Methodology: (1) Drawings — structural, architectural, MEP, finishing — are reviewed comprehensively; (2) Quantity Take-off — every BOQ item's quantity is calculated by formula or measurement: concrete in m³, steel in kg, plastering in m², doors and windows in numbers; (3) Rate Analysis — for each BOQ item, the unit rate is computed from material + labour + plant + overhead + profit; (4) Multiplication — quantity × rate = item cost; (5) Summation — all item costs aggregated to total direct cost; (6) Indirect Costs — site office, supervision, insurance, contingency added; (7) Total — sum of direct + indirect = project cost. For a typical residential project, this typically takes 200-500 person-hours of QS effort.
Indian detailed estimate practice: (a) Government / PSU — strictly per CPWD Analysis with DSR rates. (b) Private commercial — per project specification, often using bespoke rates and modern construction methods. (c) Smaller residential — abbreviated detailed estimates with focus on major items (concrete, steel, masonry, finishes).

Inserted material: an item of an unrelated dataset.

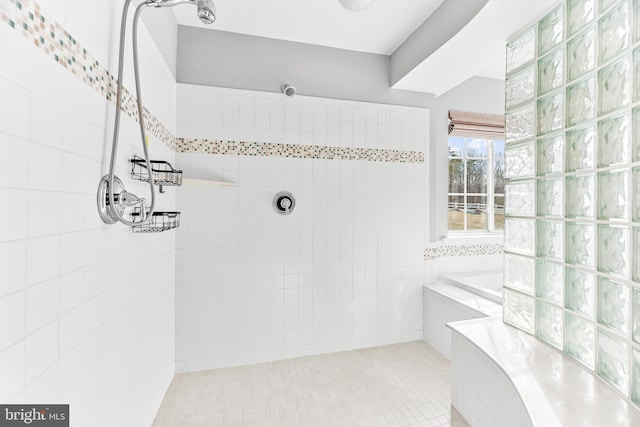 full bath featuring tile patterned flooring and a tile shower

The most-overlooked aspect: cross-check between BOQ items and actual constructed quantities at the running bill stage. Variation > 10% in any major item indicates either mistakes in quantity take-off, scope creep, or site-specific deviations. Major Indian project software for detailed estimate preparation: Sage Estimating, ProEst, Buildxact, Indian-specific tools (CivilLane, Estimator+), and Excel-based templates. Modern Indian practice increasingly uses BIM-based quantity take-off (Revit Quantification, AutoCAD Quantity Survey) for major projects.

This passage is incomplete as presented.